Oscar is the man. He keeps getting pictures of hot nude women with messages in spanish saying "i hope you like it" sent to his phone
whose oscar?
the baller who i guess decided to give out a fake number at the bar last weekend. luckily that fake number was mine. i have enough porn to last me until next month.
Bagel with cream cheese. It's blowing my fucking mind.
How high are you right now..
I MICROWAVED IT. SIGNIFICANT IMPROVEMENT.
Made it home ok. Only got hit by one car.
Maybe it's the vicodin, but all I wanna do is hunt wild hogs.

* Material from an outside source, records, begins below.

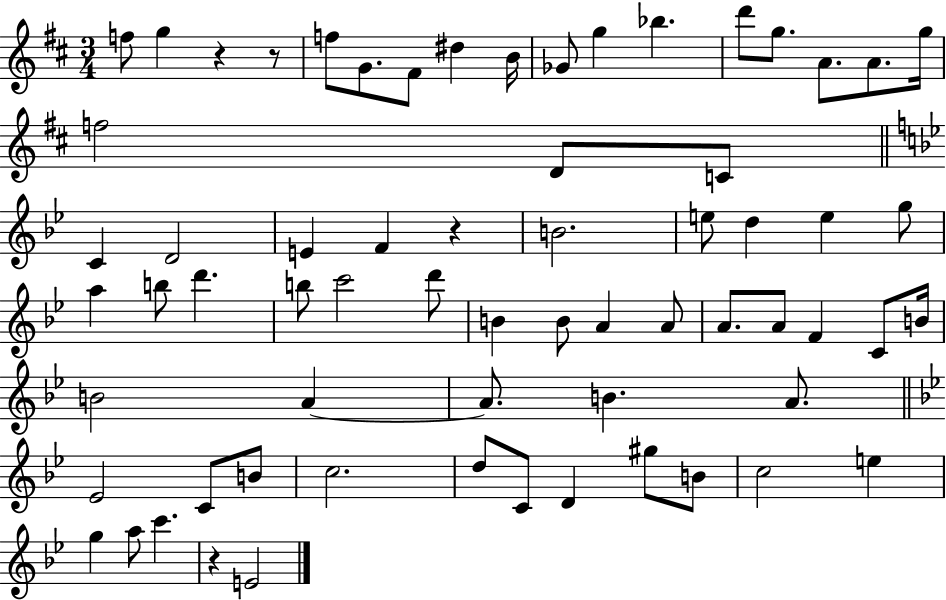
X:1
T:Untitled
M:3/4
L:1/4
K:D
f/2 g z z/2 f/2 G/2 ^F/2 ^d B/4 _G/2 g _b d'/2 g/2 A/2 A/2 g/4 f2 D/2 C/2 C D2 E F z B2 e/2 d e g/2 a b/2 d' b/2 c'2 d'/2 B B/2 A A/2 A/2 A/2 F C/2 B/4 B2 A A/2 B A/2 _E2 C/2 B/2 c2 d/2 C/2 D ^g/2 B/2 c2 e g a/2 c' z E2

Dude. 21 days till I'm 21. It's the 21 day countdown. The 25 days of Christmas can suck my dick.
WHY does every guy I sleep with want to fix my car?!
I would sacrifice a finger for two more hours of sleep.
i hope you're proud of yourself! i just had to ask my boss to put ointment on the rugburn on my back. clothes hurt!
I'm just gonna clean the house so my Mom won't think I'm hung over. I'll just start with the toilet
I was on etsy and I'm like those boobs look way too familiar
I'm just now realizing I've slept with guys from three different decades over the past year. That's gotta be some sort of record.
ill let you put your finger in a lot of things. but a ring is not one of them.
My mom said "I saw the signs you guys were high, so I made the spaghetti"....so ya, I'd say she definitely knew
I put the child locks on after I put you in the car and you then screamed, "I am a Phoenix, you can't restrain me. I NEED TO FLY!"
Passed out in someones front yard last night. Got woke u?p by a lady walking her dog at 6am. Rock bottom.